**Source information:**

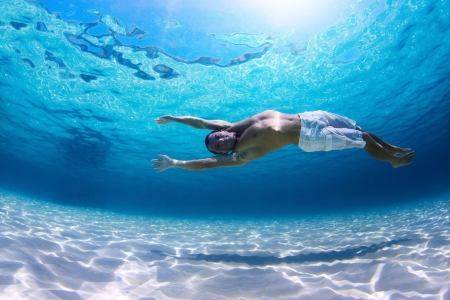 Young man diving on a breath hold in a tropical sea over sandy bottomの写真素材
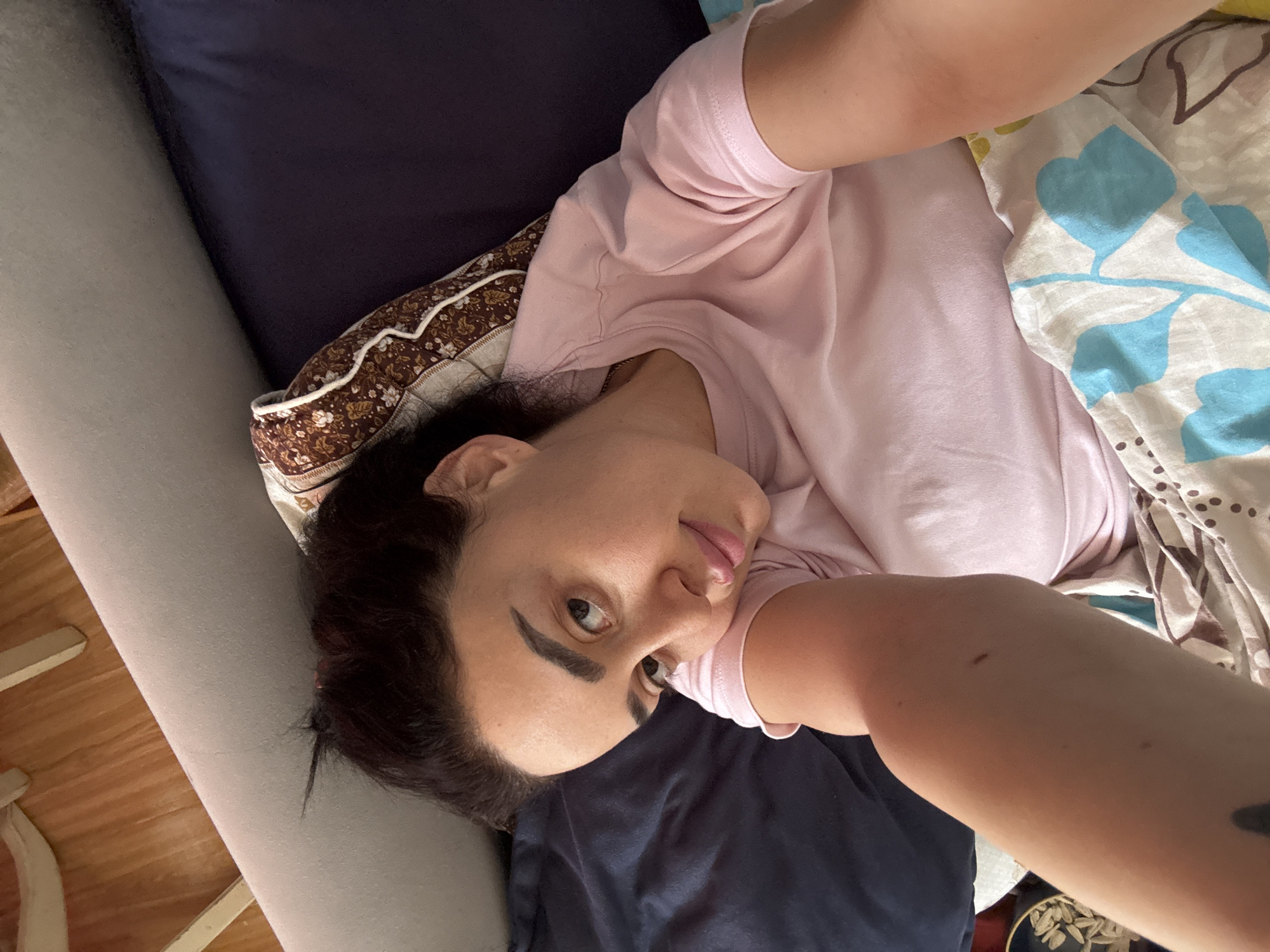 Morning documentation in Tbilisi bedroom features selfie, decorative dreamcatcher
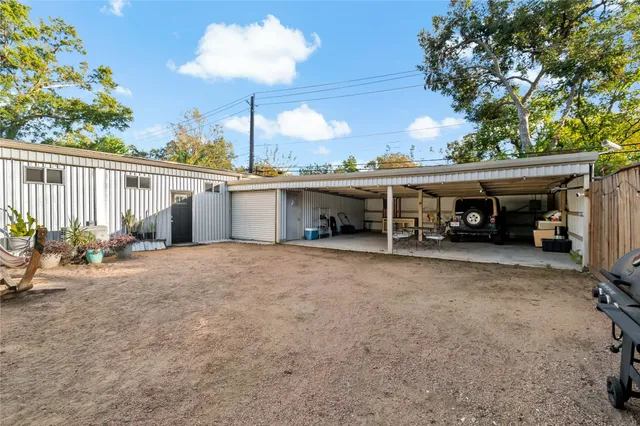 a view of a house with a porch and furniture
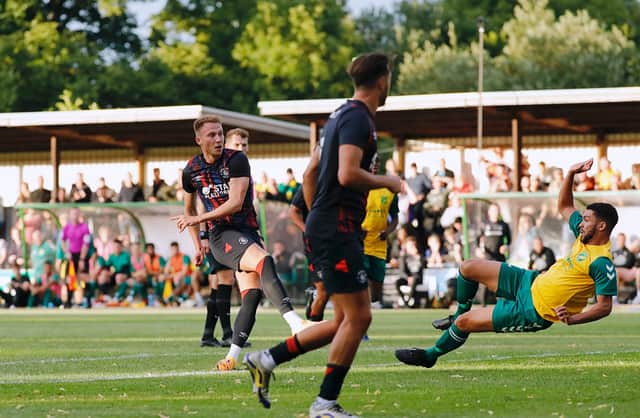 Cauley Woodrow finds the net during Town's pre-season friendly win over Hitchin Town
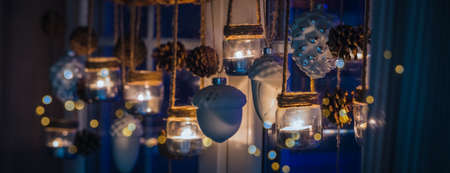 Warm and cozy Christmas window handmade natural style decoration with a garland made of glass jars, candles, cones, ballsの写真素材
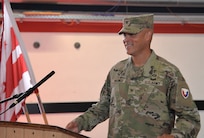 Col. Deon Maxwell approaches the podium after passing command of the U.S. Army Medical Materiel Center-Europe to Col. Chad Vermillion during a change of command ceremony July 10 at Kleber Kaserne in Kaiserslautern, Germany. (Holger Koelsch)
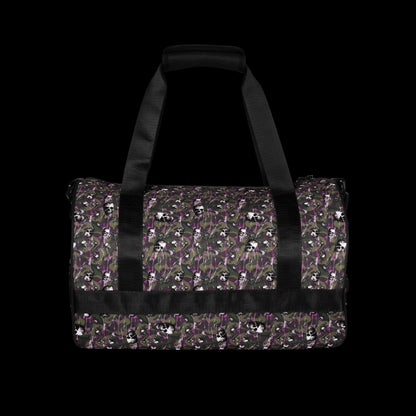 a duffel gym bag with a camo, paint splatter, and gritty skulls pattern in camo and purple shades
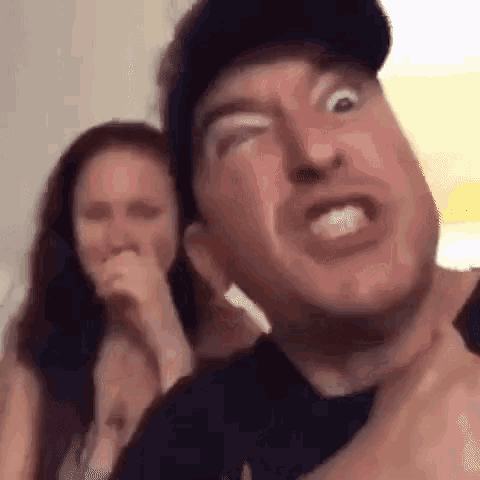 a man is making a funny face while a woman laughs in the background .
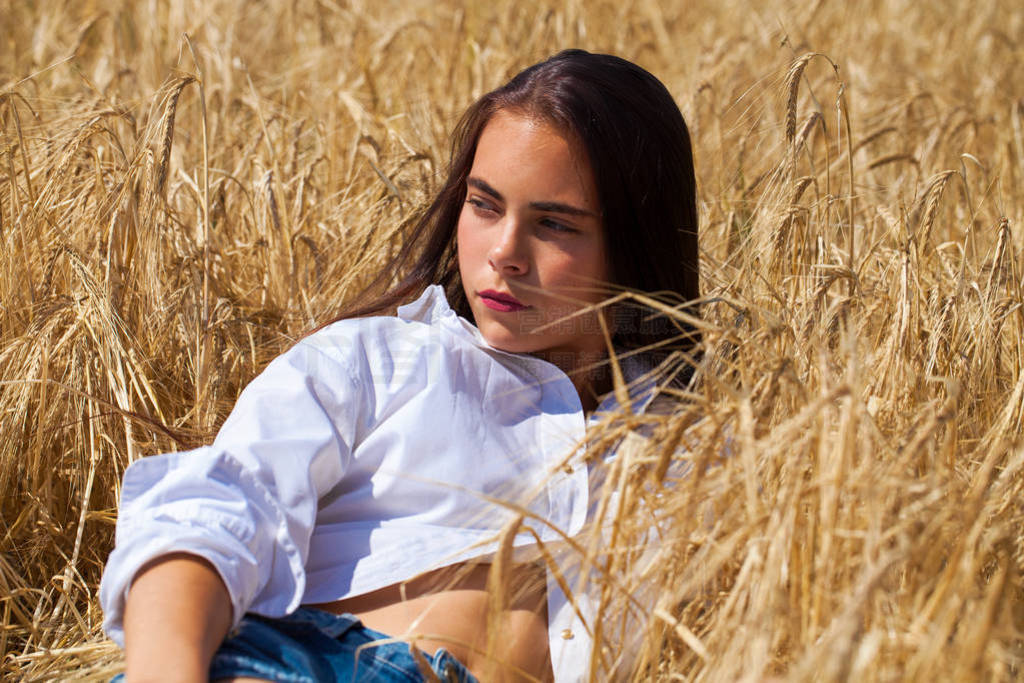 Young brunette woman in white shirt and blue jeans shorts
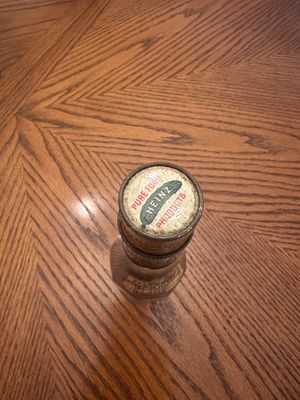 Sale Photo Thumbnail #64: Vintage Heinz Pure Food Products glass bottle featuring a branded metal cap with a pickle graphic and age-related patina.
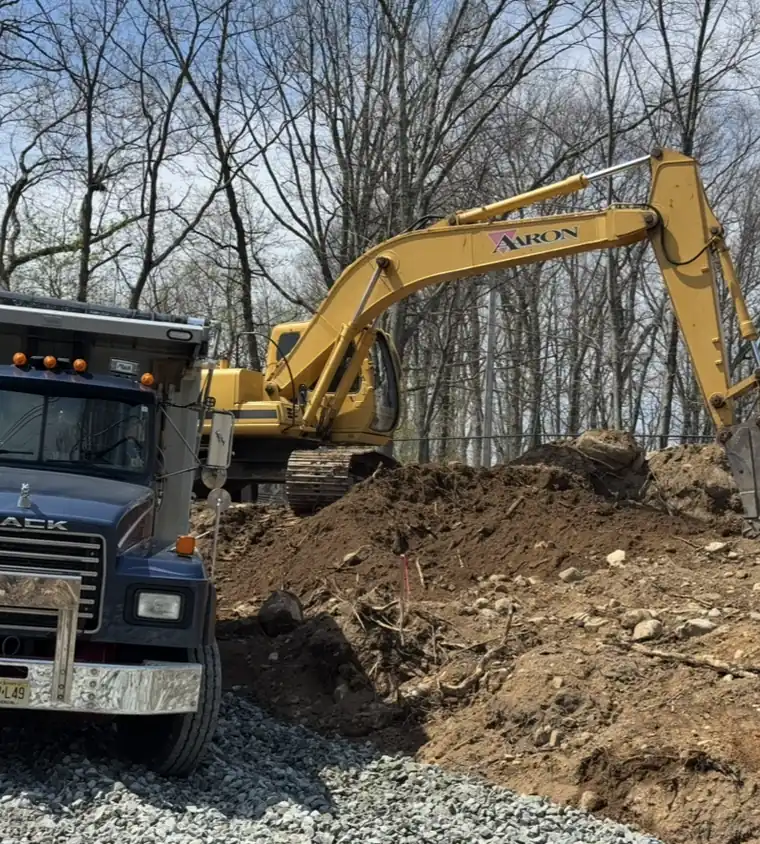 Aaron Excavating excavator and dump truck on a site clearing job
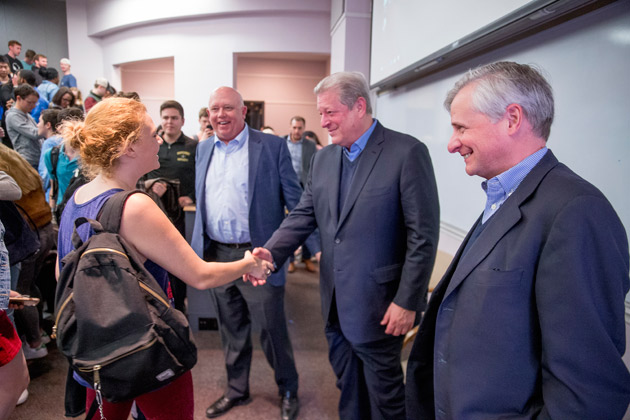 Vice President Al Gore greets first-year student Abby Brafman, a Marjory Stoneman Douglas High School Class of 2017 alumna and the organizer of the Nashville March for Our Lives, March 26 following the Leadership class taught by professors John Geer (left) and Jon Meacham (right). (John Russell/Vanderbilt)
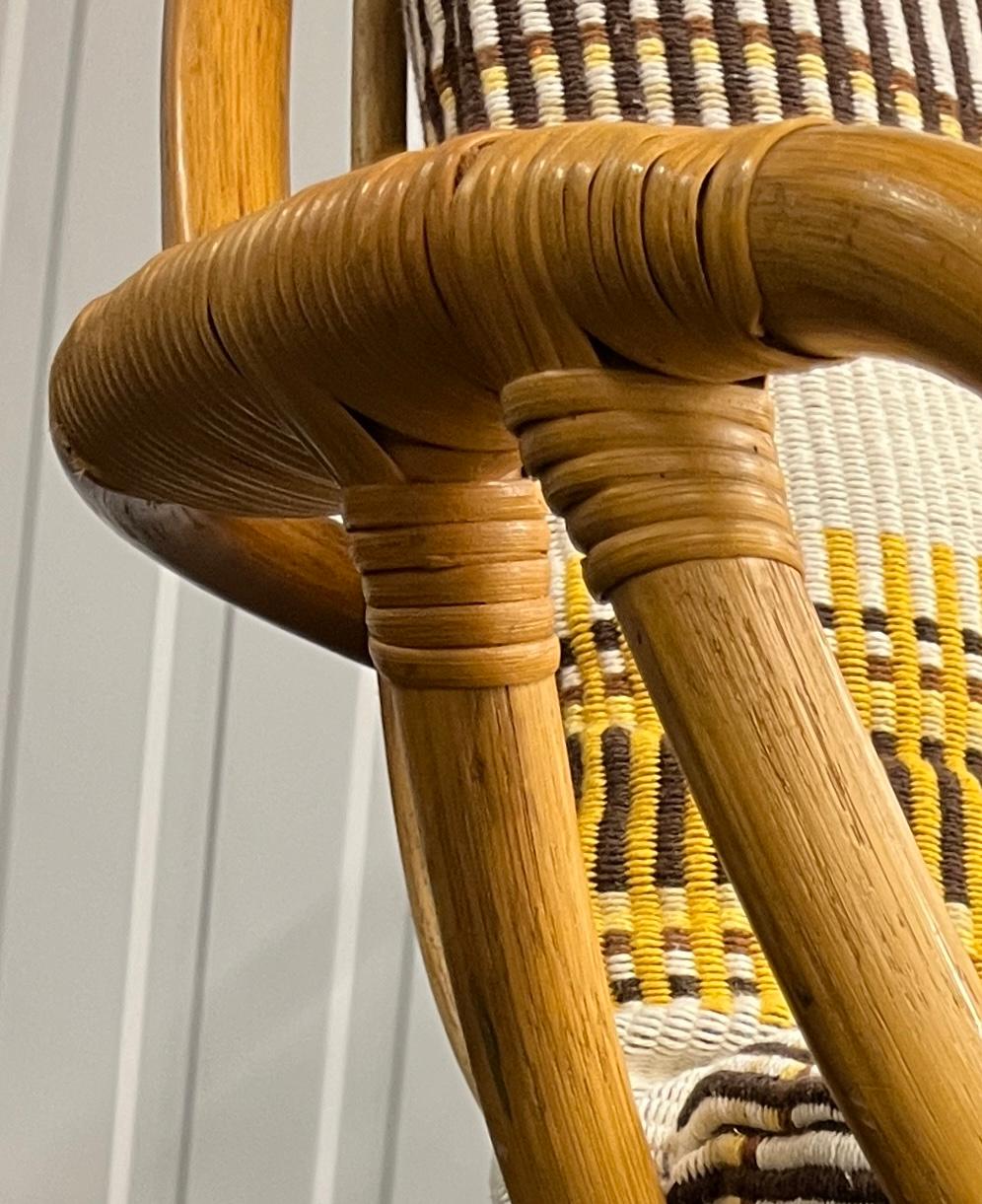 A pair of vintage rattan swivel chairs with a beautifully handcrafted frame, featuring a solid yet lightweight design. The base is composed of concentric rattan rings, allowing rotation. The high backrest and curved armrests provide both support and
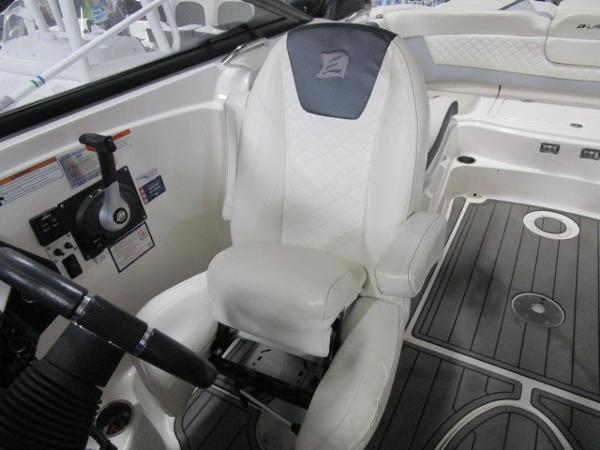 2017 Larson 292 LXI boat interior with white captain's chair and steering wheel.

**Task to complete:** The copy must match the listing above exactly but contain no pictures.

**Response:**
 Young man diving on a breath hold in a tropical sea over sandy bottomの写真素材
 Morning documentation in Tbilisi bedroom features selfie, decorative dreamcatcher
 a view of a house with a porch and furniture
 Cauley Woodrow finds the net during Town's pre-season friendly win over Hitchin Town
 Warm and cozy Christmas window handmade natural style decoration with a garland made of glass jars, candles, cones, ballsの写真素材
 Col. Deon Maxwell approaches the podium after passing command of the U.S. Army Medical Materiel Center-Europe to Col. Chad Vermillion during a change of command ceremony July 10 at Kleber Kaserne in Kaiserslautern, Germany. (Holger Koelsch)
 a duffel gym bag with a camo, paint splatter, and gritty skulls pattern in camo and purple shades
 a man is making a funny face while a woman laughs in the background .
 Young brunette woman in white shirt and blue jeans shorts
 Sale Photo Thumbnail #64: Vintage Heinz Pure Food Products glass bottle featuring a branded metal cap with a pickle graphic and age-related patina.
 Aaron Excavating excavator and dump truck on a site clearing job
 Vice President Al Gore greets first-year student Abby Brafman, a Marjory Stoneman Douglas High School Class of 2017 alumna and the organizer of the Nashville March for Our Lives, March 26 following the Leadership class taught by professors John Geer (left) and Jon Meacham (right). (John Russell/Vanderbilt)
 A pair of vintage rattan swivel chairs with a beautifully handcrafted frame, featuring a solid yet lightweight design. The base is composed of concentric rattan rings, allowing rotation. The high backrest and curved armrests provide both support and
 2017 Larson 292 LXI boat interior with white captain's chair and steering wheel.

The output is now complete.